(Short web captions)
++++++++++++++++++++

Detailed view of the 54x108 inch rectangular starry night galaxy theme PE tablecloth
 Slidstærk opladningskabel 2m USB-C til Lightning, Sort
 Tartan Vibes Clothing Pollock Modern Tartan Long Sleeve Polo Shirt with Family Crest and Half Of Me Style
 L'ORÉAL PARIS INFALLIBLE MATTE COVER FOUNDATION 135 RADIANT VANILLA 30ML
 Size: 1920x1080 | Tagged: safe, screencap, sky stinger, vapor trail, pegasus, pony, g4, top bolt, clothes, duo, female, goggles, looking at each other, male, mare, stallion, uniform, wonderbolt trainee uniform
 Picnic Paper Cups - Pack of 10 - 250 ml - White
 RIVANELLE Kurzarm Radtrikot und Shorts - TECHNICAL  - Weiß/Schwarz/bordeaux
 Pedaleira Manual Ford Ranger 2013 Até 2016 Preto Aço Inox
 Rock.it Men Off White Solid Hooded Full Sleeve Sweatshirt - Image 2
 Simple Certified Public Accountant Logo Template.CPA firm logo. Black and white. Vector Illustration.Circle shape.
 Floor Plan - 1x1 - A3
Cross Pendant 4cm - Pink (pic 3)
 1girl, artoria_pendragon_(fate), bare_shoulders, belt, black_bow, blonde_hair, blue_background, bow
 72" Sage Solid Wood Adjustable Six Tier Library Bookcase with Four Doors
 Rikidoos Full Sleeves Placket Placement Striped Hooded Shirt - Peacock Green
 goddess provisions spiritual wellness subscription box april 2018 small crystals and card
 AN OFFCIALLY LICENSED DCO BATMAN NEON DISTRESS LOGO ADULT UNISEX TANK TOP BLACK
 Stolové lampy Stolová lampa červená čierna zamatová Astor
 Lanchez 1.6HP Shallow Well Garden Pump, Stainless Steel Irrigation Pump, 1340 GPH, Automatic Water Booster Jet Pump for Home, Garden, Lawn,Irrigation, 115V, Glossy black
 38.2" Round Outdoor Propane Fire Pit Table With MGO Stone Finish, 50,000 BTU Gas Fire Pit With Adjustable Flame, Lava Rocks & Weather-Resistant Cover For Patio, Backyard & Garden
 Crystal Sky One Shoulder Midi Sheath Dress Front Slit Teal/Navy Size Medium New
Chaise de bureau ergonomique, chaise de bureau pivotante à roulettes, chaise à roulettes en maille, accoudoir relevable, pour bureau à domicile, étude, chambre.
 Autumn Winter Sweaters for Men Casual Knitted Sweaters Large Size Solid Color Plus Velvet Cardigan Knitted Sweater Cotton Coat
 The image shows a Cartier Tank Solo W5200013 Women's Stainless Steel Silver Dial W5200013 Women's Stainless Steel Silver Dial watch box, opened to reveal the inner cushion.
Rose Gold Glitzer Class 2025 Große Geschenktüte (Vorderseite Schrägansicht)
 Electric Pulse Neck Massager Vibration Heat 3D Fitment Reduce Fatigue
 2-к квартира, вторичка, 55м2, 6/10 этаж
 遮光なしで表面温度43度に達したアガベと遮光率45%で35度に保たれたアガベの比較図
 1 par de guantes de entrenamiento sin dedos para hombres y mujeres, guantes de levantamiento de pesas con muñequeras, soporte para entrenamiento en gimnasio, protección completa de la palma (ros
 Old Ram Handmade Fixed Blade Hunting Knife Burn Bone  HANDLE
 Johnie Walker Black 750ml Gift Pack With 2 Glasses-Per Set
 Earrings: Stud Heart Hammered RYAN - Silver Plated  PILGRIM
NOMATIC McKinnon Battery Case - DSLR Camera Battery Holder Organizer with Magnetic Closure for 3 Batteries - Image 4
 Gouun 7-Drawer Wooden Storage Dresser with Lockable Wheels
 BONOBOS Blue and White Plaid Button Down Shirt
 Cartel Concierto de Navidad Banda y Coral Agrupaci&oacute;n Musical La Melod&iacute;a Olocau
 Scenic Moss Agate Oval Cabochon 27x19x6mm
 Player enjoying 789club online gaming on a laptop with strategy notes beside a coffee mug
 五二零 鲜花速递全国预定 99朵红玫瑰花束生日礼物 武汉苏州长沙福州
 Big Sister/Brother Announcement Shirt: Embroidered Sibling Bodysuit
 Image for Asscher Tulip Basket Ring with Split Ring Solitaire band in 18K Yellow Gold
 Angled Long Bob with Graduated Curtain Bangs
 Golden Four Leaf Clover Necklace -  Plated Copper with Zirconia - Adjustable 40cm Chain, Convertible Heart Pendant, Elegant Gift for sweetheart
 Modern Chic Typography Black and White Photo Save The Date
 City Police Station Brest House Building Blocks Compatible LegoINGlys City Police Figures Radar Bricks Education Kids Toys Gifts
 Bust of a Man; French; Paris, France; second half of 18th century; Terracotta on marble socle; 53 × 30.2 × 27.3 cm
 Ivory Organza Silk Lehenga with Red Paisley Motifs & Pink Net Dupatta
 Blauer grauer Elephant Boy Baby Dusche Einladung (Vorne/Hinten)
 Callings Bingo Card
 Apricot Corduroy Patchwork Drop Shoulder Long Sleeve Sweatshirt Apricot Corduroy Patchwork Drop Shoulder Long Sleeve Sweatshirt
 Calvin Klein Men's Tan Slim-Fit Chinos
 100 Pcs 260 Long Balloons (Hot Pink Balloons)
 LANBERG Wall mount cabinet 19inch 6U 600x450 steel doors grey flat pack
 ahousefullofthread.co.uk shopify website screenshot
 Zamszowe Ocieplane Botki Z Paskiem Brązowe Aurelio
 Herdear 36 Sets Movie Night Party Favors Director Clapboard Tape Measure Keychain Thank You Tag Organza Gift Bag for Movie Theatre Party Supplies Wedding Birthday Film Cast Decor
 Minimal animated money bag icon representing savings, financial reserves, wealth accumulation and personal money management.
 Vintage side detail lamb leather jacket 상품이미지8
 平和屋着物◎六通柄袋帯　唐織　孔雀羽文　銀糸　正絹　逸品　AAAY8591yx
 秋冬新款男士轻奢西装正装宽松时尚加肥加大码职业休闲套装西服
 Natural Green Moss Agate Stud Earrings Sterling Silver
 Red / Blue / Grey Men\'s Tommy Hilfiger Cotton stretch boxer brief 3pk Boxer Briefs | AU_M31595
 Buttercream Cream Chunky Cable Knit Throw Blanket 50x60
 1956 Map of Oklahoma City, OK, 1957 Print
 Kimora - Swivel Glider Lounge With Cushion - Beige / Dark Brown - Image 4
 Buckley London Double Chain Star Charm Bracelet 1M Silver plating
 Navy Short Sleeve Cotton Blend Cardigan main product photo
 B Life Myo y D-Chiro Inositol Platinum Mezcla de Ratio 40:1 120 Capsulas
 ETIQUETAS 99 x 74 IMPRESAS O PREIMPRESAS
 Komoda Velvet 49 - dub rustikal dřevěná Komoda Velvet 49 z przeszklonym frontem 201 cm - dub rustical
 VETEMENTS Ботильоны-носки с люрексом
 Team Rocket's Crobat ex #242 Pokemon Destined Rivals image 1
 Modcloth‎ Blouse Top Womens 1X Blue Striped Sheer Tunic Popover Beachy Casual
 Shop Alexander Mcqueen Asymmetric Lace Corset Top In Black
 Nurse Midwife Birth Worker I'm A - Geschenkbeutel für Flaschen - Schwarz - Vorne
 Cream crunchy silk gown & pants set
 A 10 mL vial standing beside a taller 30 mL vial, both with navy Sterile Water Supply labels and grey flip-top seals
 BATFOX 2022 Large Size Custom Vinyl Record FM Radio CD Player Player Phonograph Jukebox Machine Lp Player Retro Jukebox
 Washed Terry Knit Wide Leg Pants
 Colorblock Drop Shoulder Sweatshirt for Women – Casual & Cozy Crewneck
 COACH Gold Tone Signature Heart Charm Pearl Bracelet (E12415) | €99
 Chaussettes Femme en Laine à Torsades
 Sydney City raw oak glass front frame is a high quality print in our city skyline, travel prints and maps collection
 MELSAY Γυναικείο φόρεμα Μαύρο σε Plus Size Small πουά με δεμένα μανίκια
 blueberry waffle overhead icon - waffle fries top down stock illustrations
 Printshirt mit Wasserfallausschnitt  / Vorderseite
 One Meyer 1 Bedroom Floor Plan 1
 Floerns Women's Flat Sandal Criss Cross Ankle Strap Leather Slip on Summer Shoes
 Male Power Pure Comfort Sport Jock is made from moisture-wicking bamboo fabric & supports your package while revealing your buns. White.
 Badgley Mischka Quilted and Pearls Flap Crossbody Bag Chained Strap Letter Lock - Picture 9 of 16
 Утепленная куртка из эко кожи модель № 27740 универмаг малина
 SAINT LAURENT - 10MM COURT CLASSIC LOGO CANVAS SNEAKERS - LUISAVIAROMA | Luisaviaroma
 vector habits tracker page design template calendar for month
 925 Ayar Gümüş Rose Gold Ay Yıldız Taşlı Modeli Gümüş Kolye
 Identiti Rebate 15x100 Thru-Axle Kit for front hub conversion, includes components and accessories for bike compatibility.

++++++++++++++++++++

§ **AIM OF THE TASK**
Send back the lines of the records word for word, from the very first through the line containing "L'ORÉAL PARIS INFALLIBLE".

§ **WRITTEN RESPONSE**
Detailed view of the 54x108 inch rectangular starry night galaxy theme PE tablecloth
 Slidstærk opladningskabel 2m USB-C til Lightning, Sort
 Tartan Vibes Clothing Pollock Modern Tartan Long Sleeve Polo Shirt with Family Crest and Half Of Me Style
 L'ORÉAL PARIS INFALLIBLE MATTE COVER FOUNDATION 135 RADIANT VANILLA 30ML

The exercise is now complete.